Au fil du temps les cigares ont adoptés des formes et des tailles diverses, du module robusto le plus classique à des modules plus longs ou plus courts…
II. La fabrication du cigare
La fabrication d’un cigare est un travail d’orfèvre qui requiert des gestes précis, un concerto en plusieurs mouvements qu’aucune machine au monde ne peut réaliser à l’identique. Le cigare se compose de cinq types de feuilles. Les trois premières constituent la tripe, celles-ci sont enroulées dans la capote ou sous-cape. L’ensemble est recouvert par la dernière feuille, la cape. La qualité d’un cigare dépendra des feuilles de tabacs utilisées.
1. La culture
La culture du tabac commence en juillet/aout avec les labours des terres. On sème ensuite en septembre et on repique les plants à la mi-novembre. La récolte des feuilles ne s’effectue qu’à partir de janvier et se fait à la main.
2. Le séchage
Les feuilles récoltées sont alors attachées deux par deux et suspendues sur des perches dans des hangars de séchage. En fonction de la provenance et de la destination des feuilles, elles sécheront de trois semaines à deux mois.
3. La fermentation
Ensuite, la première fermentation commencera pour permettent aux feuilles de suer leur excès de résine. Après plusieurs semaines de fermentation les feuilles seront triées en fonction de leur usage futur comme tripe, sous-cape ou cape, et suivant leur teinte, leur taille et leur qualité. C’est à cette étape que l’on écôte les feuilles en les débarrassant de leur nervure centrale. Elles subiront alors une seconde fermentation pour affiner leurs arômes et éliminer les dernières impuretés. Par la suite, les feuilles seront conditionnées en balles ou en tonneaux de bois et vieilliront ainsi de six mois à plus de deux ans avant de prendre le chemin de la manufacture. Pour les plus grands tabacs une troisième fermentation aura lieu en fabrique où les feuilles seront successivement aérées et humidifiées. Ce processus de bonification sera répété pendant au moins un an. Ainsi, le temps passé à cette longue préparation du tabac justifie le prix élevé d’un cigare de qualité…
4. La confection
Le travail du cigarier commence, il va alors exprimer tout son art. Enveloppant la tripe dans la sous-cape il confectionnera la « poupée ». Les feuilles de tripe ne devront pas être trop serrées pour que le cigare ne tire pas difficilement. A l’inverse, trop lâches le cigare brulerai trop vite et deviendrai âcre. Ainsi, la confection de la poupée est une étape décisive dans la fabrication d’un cigare. La poupée est ensuite placée dans un moule à calibrer. On coupe ce qui dépasse du moule avant de presser le moule. A l’aide de sa chavette, un outils arrondi et tranchant, le cigarier va découper une feuille de cape à la bonne taille qu’il enroulera en diagonale autour de la poupée. Il scellera les extrémités du cigare avec de la colle végétale neutre. Une chute de cape viendra coiffer la tête du cigare et le pied du cigare sera sectionné à la longueur voulue. Une fois terminé le cigare subit des contrôles de qualités très strictes…

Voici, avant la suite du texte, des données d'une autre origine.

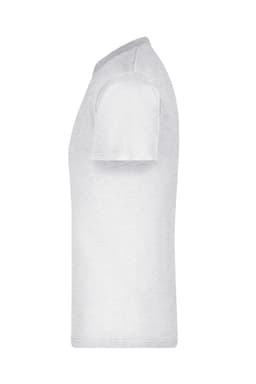 A white t-shirt displayed from the side, featuring short sleeves and a simple design. The shirt has a logo.
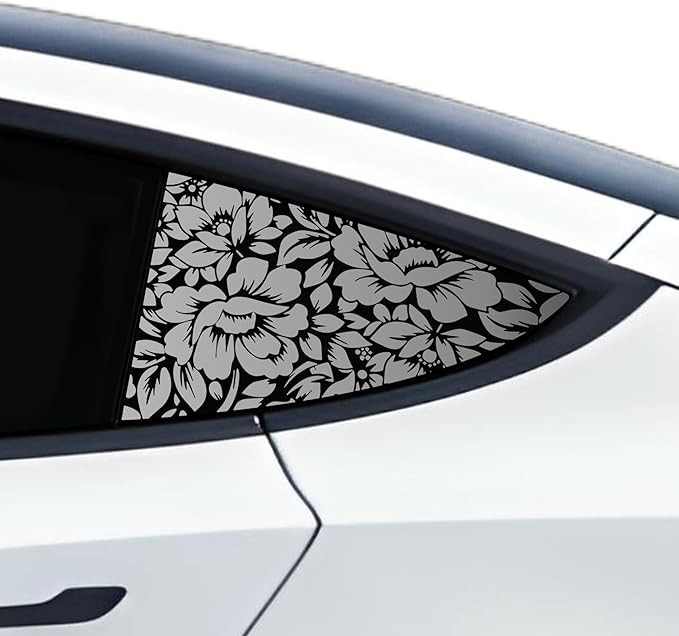 BOGAR TECH DESIGNS Precut Quarter Window Floral Design Vinyl Decal Sticker Compatible with Tesla ... | Amazon (US)
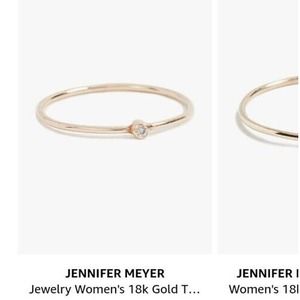 Jennifer Meyer 18K Yellow Gold Diamond Bezel Ring -  Size 5.5 - Retail $175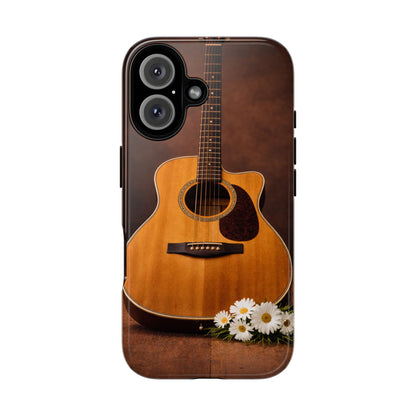 Acoustic Guitar Daisy Phone Case | Rustic Music Lover Tough Cover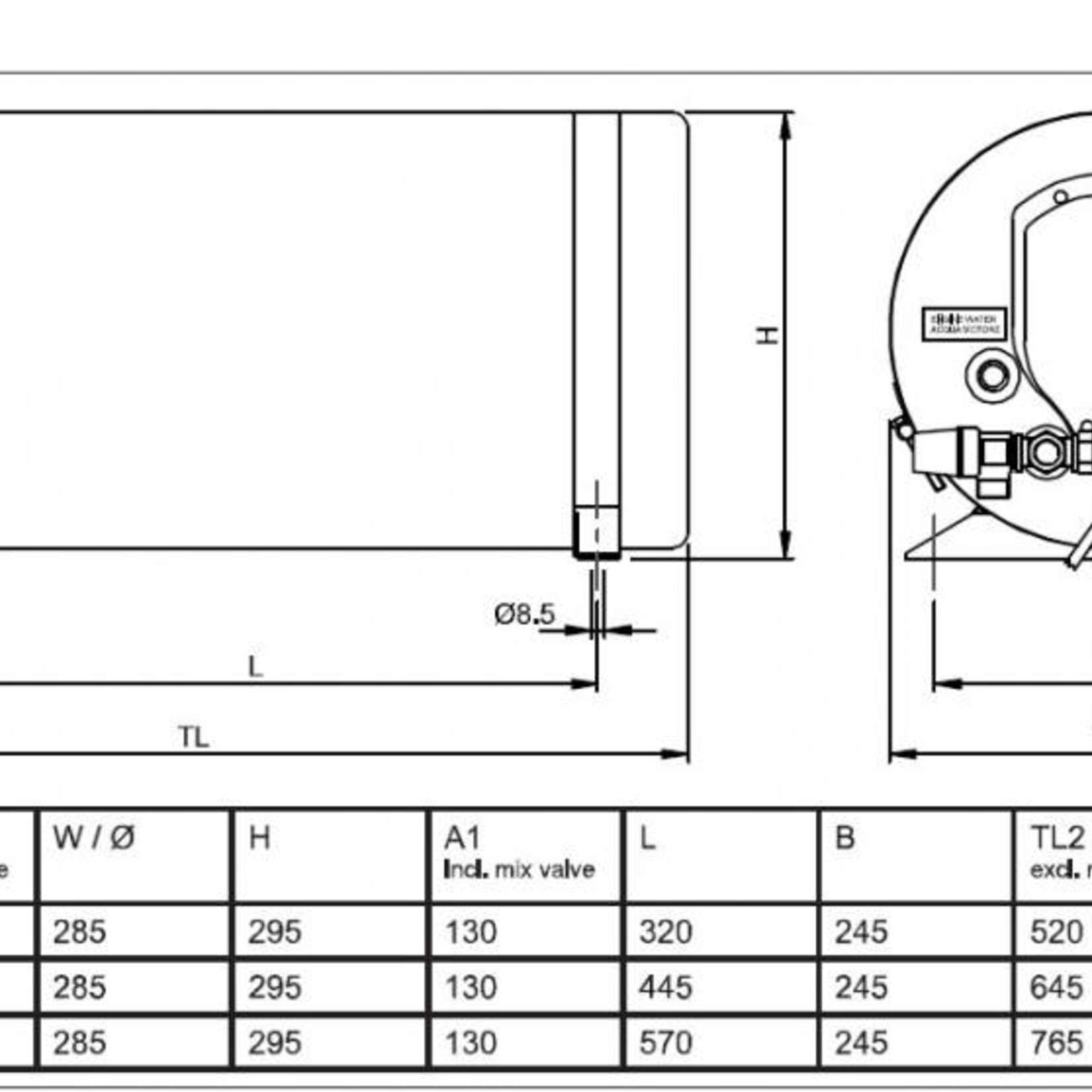 Isotherm / Isotemp Boiler Slim, 15L, 230V/750W met mengventiel 520X295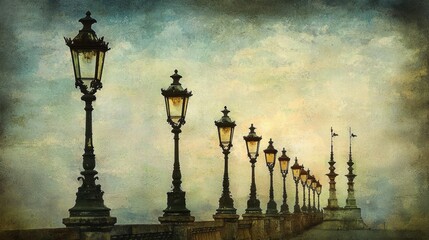 Fototapeta premium Vintage city street lined with classic lampposts, cloudy sky casting soft shadows.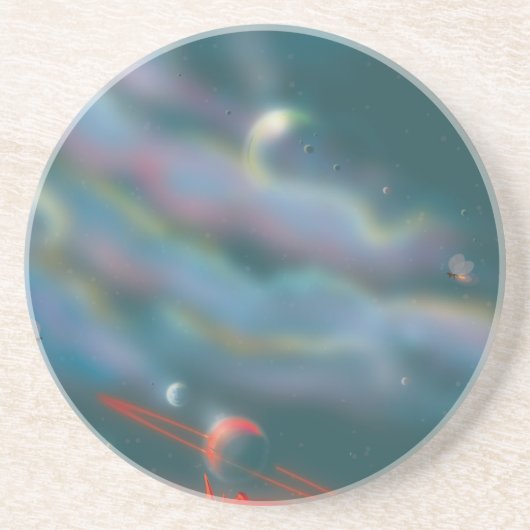 Dessous De Verre En Grès Paysage d'un monde extraterrestre (Devant)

III. Les teintes des cigares
Les cigares et leur cape sont regroupés en 7 classes de couleurs de base. La puissance des arômes est croissante et souvent fonction de la couleur de la cape d’un cigare, qui va du vert au noir. Ces différences de couleurs sont dues à la nature du tabac et à son exposition au soleil.

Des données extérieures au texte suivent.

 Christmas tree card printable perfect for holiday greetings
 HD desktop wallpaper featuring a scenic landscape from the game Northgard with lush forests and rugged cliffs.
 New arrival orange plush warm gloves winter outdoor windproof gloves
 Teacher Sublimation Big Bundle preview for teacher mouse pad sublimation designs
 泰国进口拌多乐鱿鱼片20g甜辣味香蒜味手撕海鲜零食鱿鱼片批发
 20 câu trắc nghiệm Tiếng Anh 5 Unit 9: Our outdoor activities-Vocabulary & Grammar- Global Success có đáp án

1. Double claro ou candela
Blond verdâtre, couleur obtenue le plus souvent en cueillant la feuille avant le terme de maturité sur le plant et en accentuant sa pâleur par séchage, le plus souvent accéléré au feu de bois, ce qui empêche la couleur de foncer. Le goût est très doux, presque suave.
2. Claro
Brun pâle. Les tabacs claro sont souvent cueillis avant maturité et rapidement séchés à l'air. Ces cigares sont doux et légers.
3. Colorado claro
Brun moyen, fauve. Ce sont les feuilles du haut de la plante, plus exposées au soleil que les précédentes et dont la maturation sur le plant puis après la cueillette est plus longue. C'est le début des tabacs qui ont du corps.
4. Colorado
Brun sombre, rougeâtre Brun moyen et soutenu, qui correspond à une force moyenne pour un temps de maturation qui devient conséquent.
5. Maduro colorado
Brun sombre, on progresse pour la sélection des feuilles vers le haut de la plante et vers les maturations avancées. La couleur est de plus en plus soutenue. Parfum très riche.
6. Maduro
Brun très sombre, proche du café Pour ces dernières teintes, il s'agit des feuilles les plus haut perchées sur la plante, celles dont la maturité a été exaltée au maximum par les rayons du soleil et dont ensuite la maturation a été poussée au plus loin. On touche ici aux pièces pour fumeurs chevronnés.
7. Oscuro
Presque noir, ces feuilles situées à l'extrémité supérieure de la plante ont reçu le plus de soleil et subi la maturation la plus longue. Il s'agit là de modules que les fumeurs de clarissimo qualifient d'infumables. Les capes de cette couleur proviennent essentiellement du Nicaragua, du Brésil ou du Mexique.
IV. Les modules des cigares
On ne fume pas un imposant cigare pour impressionner mais parce que plus le cigare est gros plus, plus son arôme est riche et plus il est savoureux à fumer. Il faut savoir que seuls les cigariers les plus talentueux fabriquent les gros cigares tels que les coronas, les coronas grandes ou les robusto.
On recense un cinquantaine de formats de cigares, d’une marque à l’autre la taille d’un même module peut légèrement varier.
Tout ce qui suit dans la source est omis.